While the evidence probably shows that Appellant was reckless, it undoubtedly shows that
Appellant should have been aware that the moves he practiced with Medrano had the potential to be
dangerous. And Appellant should have been aware that performing the move outdoors on a sidewalk
was dangerous. But “should have been aware” makes a case for criminal negligence,8 not intent to
cause serious bodily injury.
IV — Was the Takedown an Act Clearly Dangerous to Human Life?
Even if Appellant caused Molina’s death while harboring a specific intent to cause serious
bodily injury, such intent alone is not enough to support a conviction for serious-bodily-injury
murder under § 19.02(b)(2). The second element of prosecution under § 19.02(b)(2) requires a
showing that the individual commits an act clearly dangerous to human life. Lugo-Lugo v. State, 650
S.W.2d 72, 81 (Tex. Crim. App. 1983). The character of the act clearly dangerous to human life is
measured by an objective standard. Id. I have reservations as to whether Appellant’s act in this
case—the takedown of Molina—meets that standard.
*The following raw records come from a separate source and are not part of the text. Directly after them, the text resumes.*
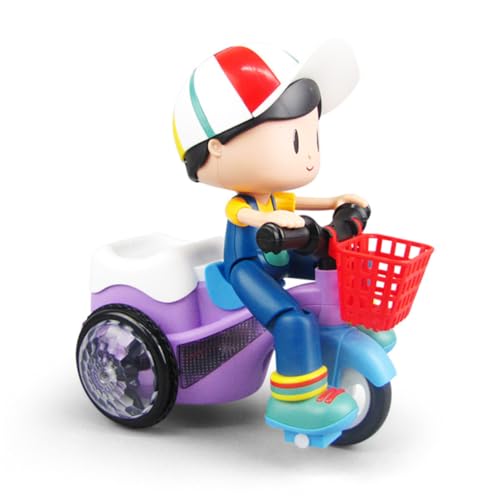 JOINPAYA Kinderspielzeug Dreirad Für Jungen Intelligentes Spielzeug Batterie Vielseitig Einsetzbar Mit -lichtern Und Musik Für Draußen von JOINPAYA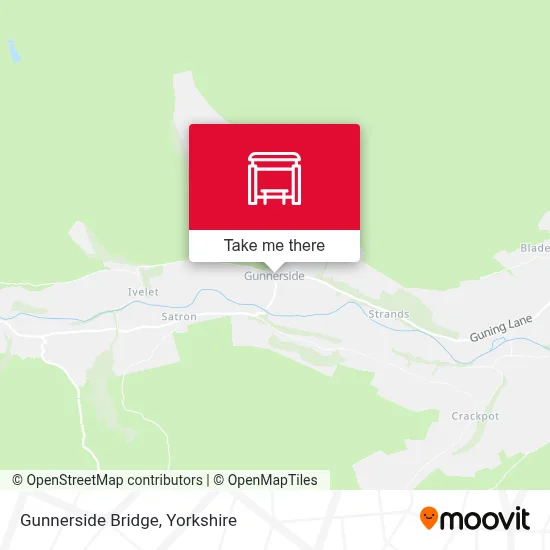 Gunnerside Bridge map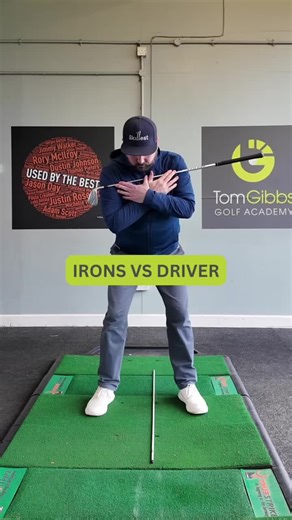 Comment “Swing” for a FREE Swing Analysis and start improving your game! Ever wonder why your driver and iron swings feel so different? Here’s the science behind it! Your irons and driver require opposite moves for success - it’s not just in your head. With irons, you want to hit down on the ball for clean contact. 💪 - Shift weight left and down into your lead side - Create a downward angle to compress the ball - Feel like you’re trapping the ball against the ground For driver, it’s all about l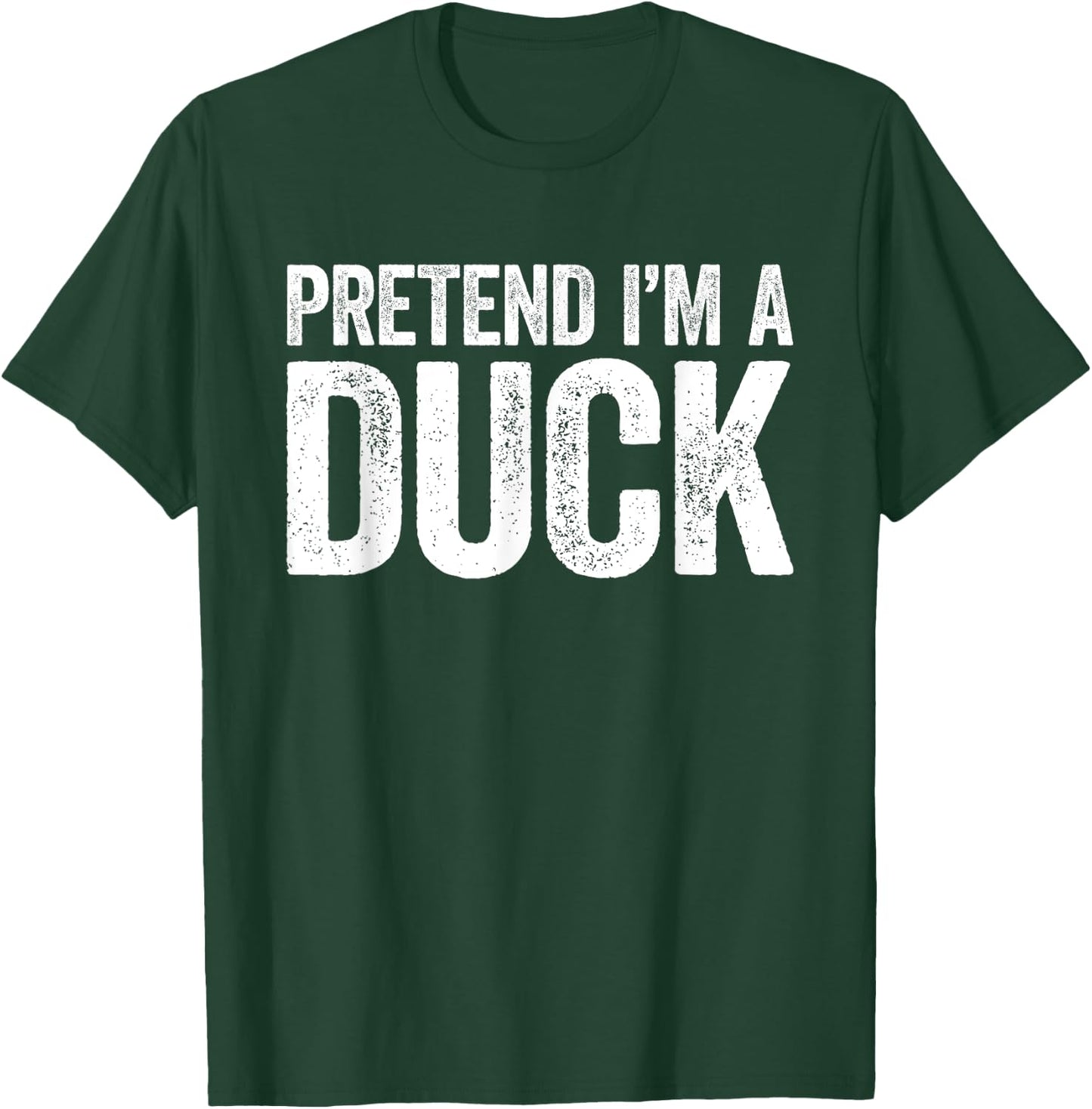 Pretend I'm A Duck Matching Duck Costume Shirt T-Shirt - T-Shirt | Forest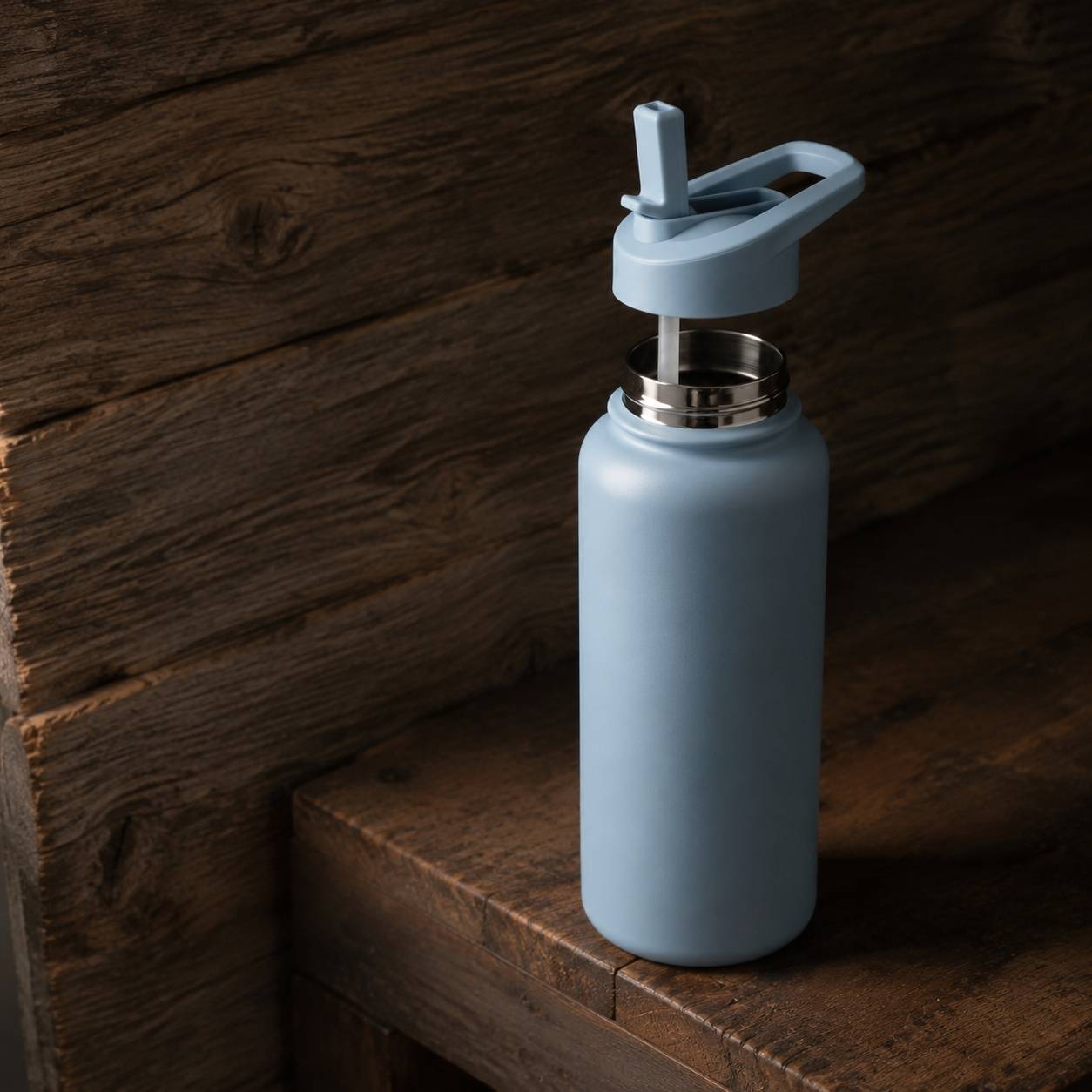 Bouteille Isotherme Acier Inoxydable 1 L Double Paroi Sans BPA Étanche Réutilisable - Image 9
The jury heard evidence that Appellant and Medrano routinely practiced takedown moves
with each other without incident. The jury did not hear evidence that the move used by Appellant
8 See TEX . PENAL CODE Ann. § 6.03(d) (“A person acts with criminal negligence . . . with respect to . . . the result of his conduct when he ought to be aware of a substantial and unjustifiable risk that . . . the result will occur.”). 13
was inherently dangerous, let alone clearly dangerous to human life. Instead, the jury was presented
with evidence that the move was dangerous in this case, performed under the particular circumstance
of an uneven concrete surface. Outside of that circumstance, the takedown move was relatively safe,
and the evidence presented to the jury proves the point—there was one fatal injury against a context
of numerous unremarkable uses of the move without injury.
Nevertheless, the court of appeals concluded that “undercutting someone’s feet in a way that
they might fall without the ability to brace themselves, and fall on a hard-uneven surface” is an act
clearly dangerous to human life. This was in contrast to situations in which the court of appeals
apparently would have found the very same takedown move to not be an act clearly dangerous to
human life, such as “a student felled in a padded Judo studio, or a gridiron running back who is
protected by padding and expecting a tackle.” Gonzalez, 2019 WL 1553583 at *9. The court of
appeals’s approach, finding that the takedown move is an act clearly dangerous to human life under
the specific circumstances of this case while on the other hand acknowledging that the same act is
safe in other circumstances, warrants review.
V — Conclusion
In conclusion, I would grant Appellant’s petition. The evidence in this case is, from the
record before us, insufficient to support a rational jury conclusion that Appellant intended to cause
death or intended to cause serious bodily injury, and the evidence may also be insufficient to support
a conclusion that Appellant’s takedown of Molina was an act clearly dangerous to human life.
Because the Court refuses review, I respectfully dissent.